-- TASK INPUT --
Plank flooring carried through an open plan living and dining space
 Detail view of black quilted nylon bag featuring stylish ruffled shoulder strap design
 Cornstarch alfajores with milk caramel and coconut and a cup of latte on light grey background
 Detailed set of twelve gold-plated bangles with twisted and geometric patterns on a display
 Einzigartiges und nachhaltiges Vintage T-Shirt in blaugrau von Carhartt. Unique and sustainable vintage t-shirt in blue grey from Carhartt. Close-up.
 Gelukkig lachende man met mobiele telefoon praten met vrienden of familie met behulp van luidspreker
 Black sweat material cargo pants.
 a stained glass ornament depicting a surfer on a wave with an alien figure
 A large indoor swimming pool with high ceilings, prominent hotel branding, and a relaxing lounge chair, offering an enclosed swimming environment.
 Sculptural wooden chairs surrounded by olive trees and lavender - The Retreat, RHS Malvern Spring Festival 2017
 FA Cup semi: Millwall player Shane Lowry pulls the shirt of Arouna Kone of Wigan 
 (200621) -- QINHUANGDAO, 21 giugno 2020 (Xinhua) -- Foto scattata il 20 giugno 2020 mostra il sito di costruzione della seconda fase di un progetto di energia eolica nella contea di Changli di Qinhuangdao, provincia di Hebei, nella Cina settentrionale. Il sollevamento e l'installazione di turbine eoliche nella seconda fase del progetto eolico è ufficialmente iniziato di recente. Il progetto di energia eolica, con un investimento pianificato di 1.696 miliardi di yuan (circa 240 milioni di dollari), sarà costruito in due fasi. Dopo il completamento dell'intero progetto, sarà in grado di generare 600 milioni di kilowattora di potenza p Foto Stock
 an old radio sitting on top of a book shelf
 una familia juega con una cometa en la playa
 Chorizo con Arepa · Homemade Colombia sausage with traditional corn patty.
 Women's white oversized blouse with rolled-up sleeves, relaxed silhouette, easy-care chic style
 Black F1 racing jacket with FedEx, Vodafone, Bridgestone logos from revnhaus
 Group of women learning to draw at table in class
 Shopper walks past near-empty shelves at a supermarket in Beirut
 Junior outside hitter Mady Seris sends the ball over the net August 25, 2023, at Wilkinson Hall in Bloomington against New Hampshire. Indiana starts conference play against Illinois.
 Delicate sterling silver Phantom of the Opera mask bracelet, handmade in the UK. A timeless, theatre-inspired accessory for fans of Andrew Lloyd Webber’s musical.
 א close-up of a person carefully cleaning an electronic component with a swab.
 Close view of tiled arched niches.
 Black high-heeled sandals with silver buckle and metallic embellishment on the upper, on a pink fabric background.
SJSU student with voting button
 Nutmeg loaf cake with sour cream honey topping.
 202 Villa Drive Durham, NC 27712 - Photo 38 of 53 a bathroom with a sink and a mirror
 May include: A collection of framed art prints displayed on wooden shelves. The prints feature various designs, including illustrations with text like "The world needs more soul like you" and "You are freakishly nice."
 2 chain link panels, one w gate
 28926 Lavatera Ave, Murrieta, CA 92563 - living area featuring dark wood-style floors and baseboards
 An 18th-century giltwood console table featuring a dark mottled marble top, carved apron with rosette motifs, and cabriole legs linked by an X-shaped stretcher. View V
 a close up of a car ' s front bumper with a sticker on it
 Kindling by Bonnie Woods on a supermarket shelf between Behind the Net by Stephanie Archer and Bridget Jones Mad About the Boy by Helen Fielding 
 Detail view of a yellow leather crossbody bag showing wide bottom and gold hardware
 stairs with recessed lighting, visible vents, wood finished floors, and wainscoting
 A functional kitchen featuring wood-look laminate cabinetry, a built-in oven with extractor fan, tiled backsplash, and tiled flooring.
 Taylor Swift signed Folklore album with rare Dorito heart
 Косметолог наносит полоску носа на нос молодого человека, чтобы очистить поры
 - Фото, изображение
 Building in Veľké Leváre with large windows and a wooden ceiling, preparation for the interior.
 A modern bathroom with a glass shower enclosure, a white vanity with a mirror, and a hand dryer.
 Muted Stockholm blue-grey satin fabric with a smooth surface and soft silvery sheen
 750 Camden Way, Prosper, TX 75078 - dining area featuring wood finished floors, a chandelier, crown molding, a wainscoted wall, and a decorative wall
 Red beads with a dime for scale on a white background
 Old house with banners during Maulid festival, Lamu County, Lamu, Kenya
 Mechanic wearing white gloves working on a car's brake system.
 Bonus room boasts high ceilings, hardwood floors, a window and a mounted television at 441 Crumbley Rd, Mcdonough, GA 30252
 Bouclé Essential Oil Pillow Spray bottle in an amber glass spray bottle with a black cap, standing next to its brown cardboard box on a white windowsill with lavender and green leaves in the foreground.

-- EXERCISE --
Your job here is to copy the entries above exactly.

-- ANSWER BELOW --
Plank flooring carried through an open plan living and dining space
 Detail view of black quilted nylon bag featuring stylish ruffled shoulder strap design
 Cornstarch alfajores with milk caramel and coconut and a cup of latte on light grey background
 Detailed set of twelve gold-plated bangles with twisted and geometric patterns on a display
 Einzigartiges und nachhaltiges Vintage T-Shirt in blaugrau von Carhartt. Unique and sustainable vintage t-shirt in blue grey from Carhartt. Close-up.
 Gelukkig lachende man met mobiele telefoon praten met vrienden of familie met behulp van luidspreker
 Black sweat material cargo pants.
 a stained glass ornament depicting a surfer on a wave with an alien figure
 A large indoor swimming pool with high ceilings, prominent hotel branding, and a relaxing lounge chair, offering an enclosed swimming environment.
 Sculptural wooden chairs surrounded by olive trees and lavender - The Retreat, RHS Malvern Spring Festival 2017
 FA Cup semi: Millwall player Shane Lowry pulls the shirt of Arouna Kone of Wigan 
 (200621) -- QINHUANGDAO, 21 giugno 2020 (Xinhua) -- Foto scattata il 20 giugno 2020 mostra il sito di costruzione della seconda fase di un progetto di energia eolica nella contea di Changli di Qinhuangdao, provincia di Hebei, nella Cina settentrionale. Il sollevamento e l'installazione di turbine eoliche nella seconda fase del progetto eolico è ufficialmente iniziato di recente. Il progetto di energia eolica, con un investimento pianificato di 1.696 miliardi di yuan (circa 240 milioni di dollari), sarà costruito in due fasi. Dopo il completamento dell'intero progetto, sarà in grado di generare 600 milioni di kilowattora di potenza p Foto Stock
 an old radio sitting on top of a book shelf
 una familia juega con una cometa en la playa
 Chorizo con Arepa · Homemade Colombia sausage with traditional corn patty.
 Women's white oversized blouse with rolled-up sleeves, relaxed silhouette, easy-care chic style
 Black F1 racing jacket with FedEx, Vodafone, Bridgestone logos from revnhaus
 Group of women learning to draw at table in class
 Shopper walks past near-empty shelves at a supermarket in Beirut
 Junior outside hitter Mady Seris sends the ball over the net August 25, 2023, at Wilkinson Hall in Bloomington against New Hampshire. Indiana starts conference play against Illinois.
 Delicate sterling silver Phantom of the Opera mask bracelet, handmade in the UK. A timeless, theatre-inspired accessory for fans of Andrew Lloyd Webber’s musical.
 א close-up of a person carefully cleaning an electronic component with a swab.
 Close view of tiled arched niches.
 Black high-heeled sandals with silver buckle and metallic embellishment on the upper, on a pink fabric background.
SJSU student with voting button
 Nutmeg loaf cake with sour cream honey topping.
 202 Villa Drive Durham, NC 27712 - Photo 38 of 53 a bathroom with a sink and a mirror
 May include: A collection of framed art prints displayed on wooden shelves. The prints feature various designs, including illustrations with text like "The world needs more soul like you" and "You are freakishly nice."
 2 chain link panels, one w gate
 28926 Lavatera Ave, Murrieta, CA 92563 - living area featuring dark wood-style floors and baseboards
 An 18th-century giltwood console table featuring a dark mottled marble top, carved apron with rosette motifs, and cabriole legs linked by an X-shaped stretcher. View V
 a close up of a car ' s front bumper with a sticker on it
 Kindling by Bonnie Woods on a supermarket shelf between Behind the Net by Stephanie Archer and Bridget Jones Mad About the Boy by Helen Fielding 
 Detail view of a yellow leather crossbody bag showing wide bottom and gold hardware
 stairs with recessed lighting, visible vents, wood finished floors, and wainscoting
 A functional kitchen featuring wood-look laminate cabinetry, a built-in oven with extractor fan, tiled backsplash, and tiled flooring.
 Taylor Swift signed Folklore album with rare Dorito heart
 Косметолог наносит полоску носа на нос молодого человека, чтобы очистить поры
 - Фото, изображение
 Building in Veľké Leváre with large windows and a wooden ceiling, preparation for the interior.
 A modern bathroom with a glass shower enclosure, a white vanity with a mirror, and a hand dryer.
 Muted Stockholm blue-grey satin fabric with a smooth surface and soft silvery sheen
 750 Camden Way, Prosper, TX 75078 - dining area featuring wood finished floors, a chandelier, crown molding, a wainscoted wall, and a decorative wall
 Red beads with a dime for scale on a white background
 Old house with banners during Maulid festival, Lamu County, Lamu, Kenya
 Mechanic wearing white gloves working on a car's brake system.
 Bonus room boasts high ceilings, hardwood floors, a window and a mounted television at 441 Crumbley Rd, Mcdonough, GA 30252
 Bouclé Essential Oil Pillow Spray bottle in an amber glass spray bottle with a black cap, standing next to its brown cardboard box on a white windowsill with lavender and green leaves in the foreground.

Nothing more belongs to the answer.